Nell’economia capitalistica, esiste una immensa quantità di lavori necessari per la sopravvivenza e il miglioramento delle condizioni di vita che non vengono effettuati, perché il Mercato non li considera utili (non producono né profitto né rendita). Esiste insomma una enorme domanda insoddisfatta di lavoro. Pensiamo alla ricostituzione dell’integrità fisica dei terreni non urbanizzati, alla ricostituzione del reticolo idrologico, ai rimboschimenti, allo sviluppo di un’agricoltura articolata secondo le diverse potenzialità e le diverse domande alimentari. Pensiamo alla ristrutturazione edilizia e urbanistica delle lande urbane devastate dalla speculazione. Pensiamo a una ricostruzione dei sistemi per la mobilità non più basati su modalità energivore e inquinanti.
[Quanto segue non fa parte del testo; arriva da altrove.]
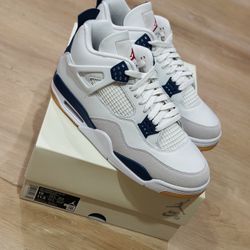 100% AUTHENTIC DS NEW JORDAN 4 NAVY SB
Pensiamo alle dotazioni di spazi pubblici articolati in relazione delle esigenze, delle loro caratteristiche.
Il lavoro è qui inteso come l'insieme delle attitudini fisiche e intellettuali che esistono nella corporeità, ossia nella personalità vivente d'un uomo, e che egli mette in movimento ogni volta che produce valori d'uso di qualsiasi genere (K. Marx). Il lavoro, quindi, deve essere utilizzato dall’uomo non solo in relazione soltanto alla sua propria sussistenza e riproduzione, ma a qualsiasi fine socialmente utile e produttore di valor d’uso a cui egli ritenga utile applicarlo, comprendendo tra tali attività tutte quelle finalizzate alla ricerca della verità, della bellezza, della comunicazione di se stesso e alla comprensione degli altri, mediante l’impiego di tutti gli strumenti espressivi impiegabili.
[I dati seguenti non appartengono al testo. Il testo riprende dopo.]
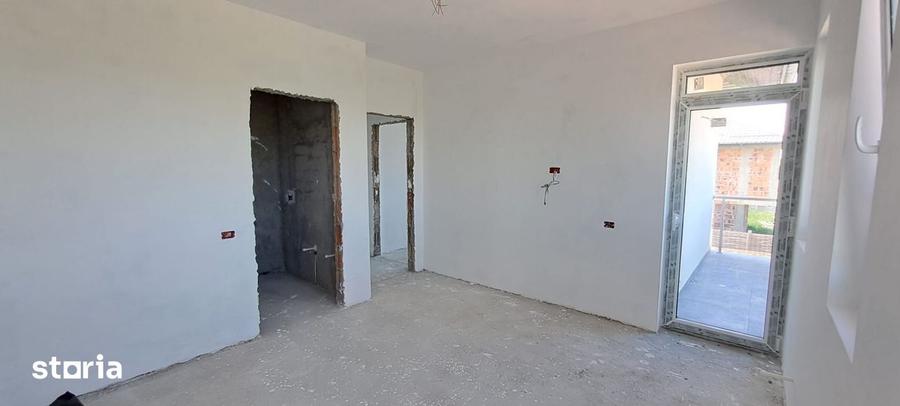 Casă cu 4 camere cu Teren 415 Mp în Dragomirești-Vale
Naturalmente, ciascuno di tali impieghi del lavoro dovrebbe essere retribuito nella misura necessaria per continuare a svolgerlo. È l’economia, in altri termini, che deve essere subordinata al lavoro, non il lavoro all’economia. Il contrario di ciò che avviene nel sistema capitalistico.
12. E nell’immediato che fare?
In una simile nuova economia la distribuzione delle risorse tra le possibili opzioni alternative avverrebbe (e noi speriamo, avverrà) in modo del tutto diverso che nell’attuale Mercato (l’oligopolio costituito da un gruppo di poche decine di padroni del mondo delle finanze). Ma nel frattempo occorre porsi due domande:
1. come reperire le risorse finanziarie necessarie per soddisfare l’enorme domanda insoddisfatta di lavoro di cui abbiamo detto, retribuendo adeguatamente la forza lavoro che dovrà esservi impiegata?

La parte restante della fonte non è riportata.